• What is needed: Single out the lines of the material that contain "time" and copy them.

• Task material:
◆ ◆ ◆ ◆

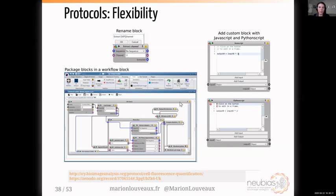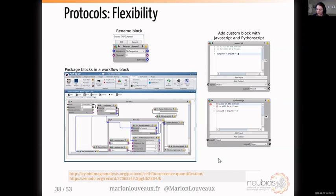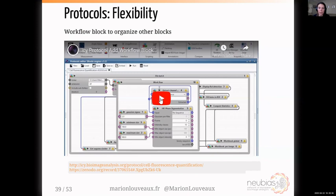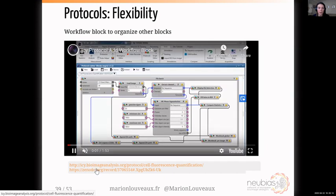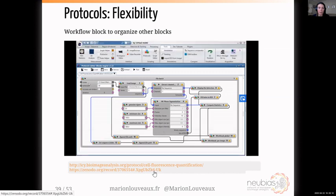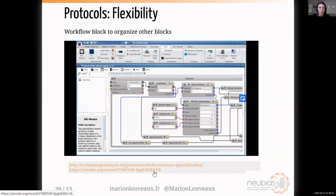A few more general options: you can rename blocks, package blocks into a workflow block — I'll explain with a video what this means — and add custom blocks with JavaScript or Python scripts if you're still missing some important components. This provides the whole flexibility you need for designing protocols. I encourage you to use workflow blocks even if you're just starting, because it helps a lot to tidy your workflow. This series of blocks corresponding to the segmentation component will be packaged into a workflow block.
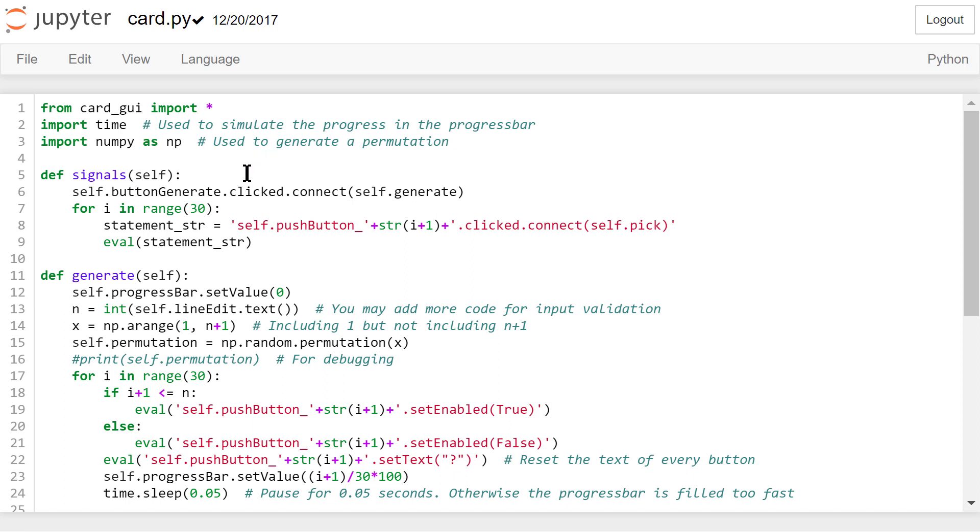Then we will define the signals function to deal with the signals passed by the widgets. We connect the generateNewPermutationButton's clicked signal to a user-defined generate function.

◆ ◆ ◆ ◆

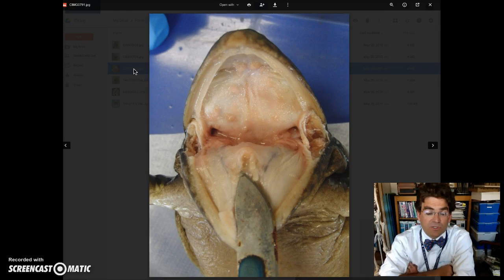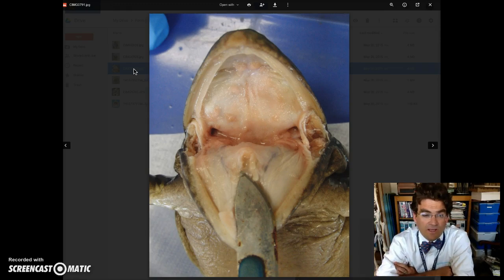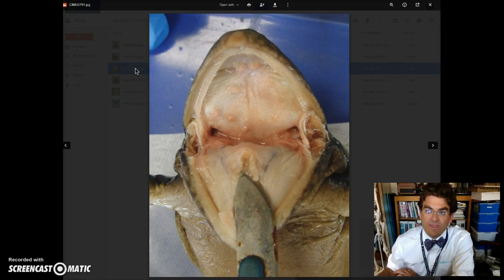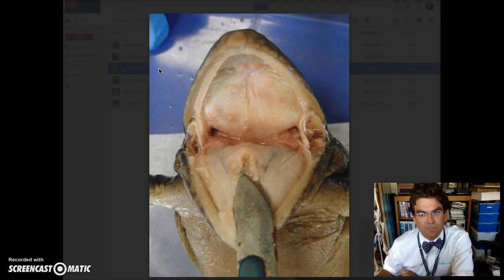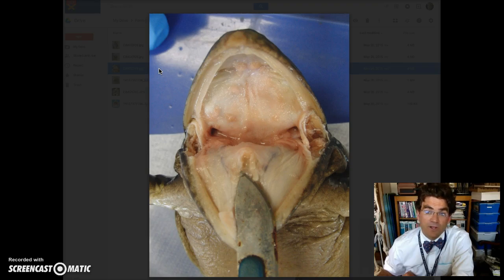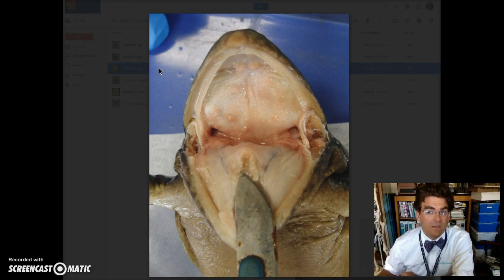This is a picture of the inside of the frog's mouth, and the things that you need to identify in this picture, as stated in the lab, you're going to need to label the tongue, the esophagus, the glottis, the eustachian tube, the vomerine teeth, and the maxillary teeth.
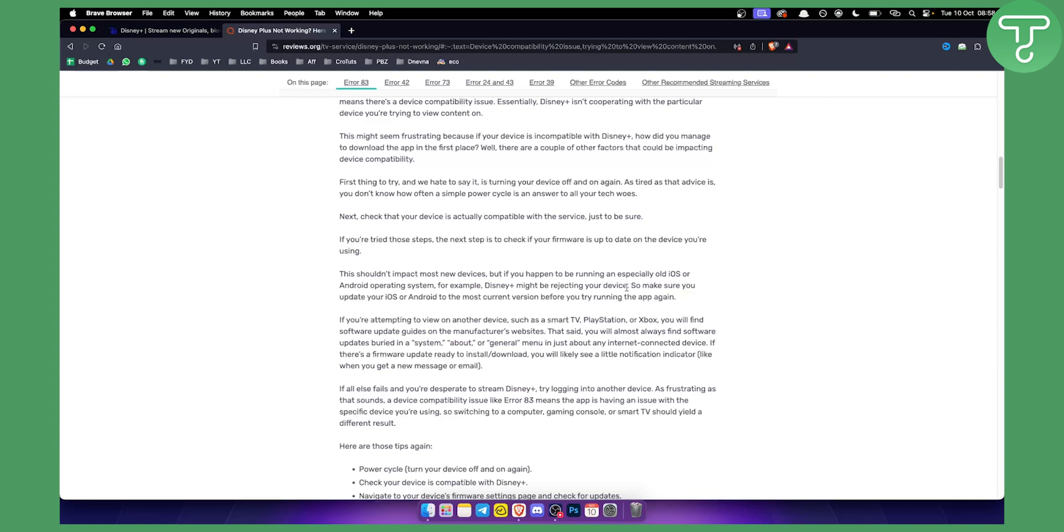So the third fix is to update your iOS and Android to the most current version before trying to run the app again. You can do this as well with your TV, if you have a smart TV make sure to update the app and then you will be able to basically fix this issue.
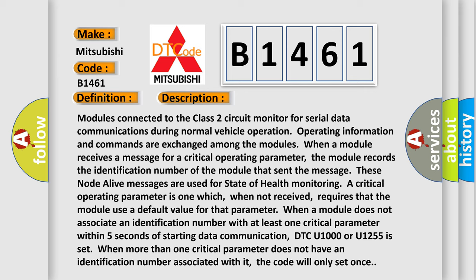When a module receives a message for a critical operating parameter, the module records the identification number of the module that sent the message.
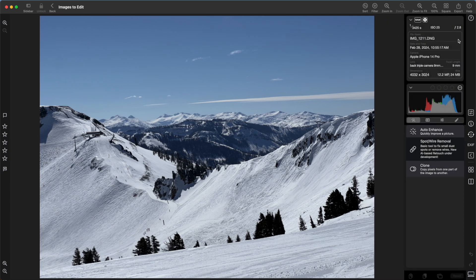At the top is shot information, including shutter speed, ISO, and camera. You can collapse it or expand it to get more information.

◆ ◆ ◆ ◆

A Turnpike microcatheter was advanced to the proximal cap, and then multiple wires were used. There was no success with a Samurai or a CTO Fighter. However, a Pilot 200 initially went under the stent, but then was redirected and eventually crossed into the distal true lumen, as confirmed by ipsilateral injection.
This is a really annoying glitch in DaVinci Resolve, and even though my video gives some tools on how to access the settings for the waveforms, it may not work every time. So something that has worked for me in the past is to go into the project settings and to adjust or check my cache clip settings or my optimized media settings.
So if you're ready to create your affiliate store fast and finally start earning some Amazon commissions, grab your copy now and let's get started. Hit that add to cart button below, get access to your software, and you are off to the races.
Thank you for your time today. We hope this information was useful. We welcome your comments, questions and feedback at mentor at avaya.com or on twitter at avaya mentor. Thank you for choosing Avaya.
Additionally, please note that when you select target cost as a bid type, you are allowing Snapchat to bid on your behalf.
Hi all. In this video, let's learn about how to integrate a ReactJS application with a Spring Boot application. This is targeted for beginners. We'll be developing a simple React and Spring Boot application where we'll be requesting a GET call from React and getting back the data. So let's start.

◆ ◆ ◆ ◆

• Result for this exercise:
This is a really annoying glitch in DaVinci Resolve, and even though my video gives some tools on how to access the settings for the waveforms, it may not work every time. So something that has worked for me in the past is to go into the project settings and to adjust or check my cache clip settings or my optimized media settings.
Thank you for your time today. We hope this information was useful. We welcome your comments, questions and feedback at mentor at avaya.com or on twitter at avaya mentor. Thank you for choosing Avaya.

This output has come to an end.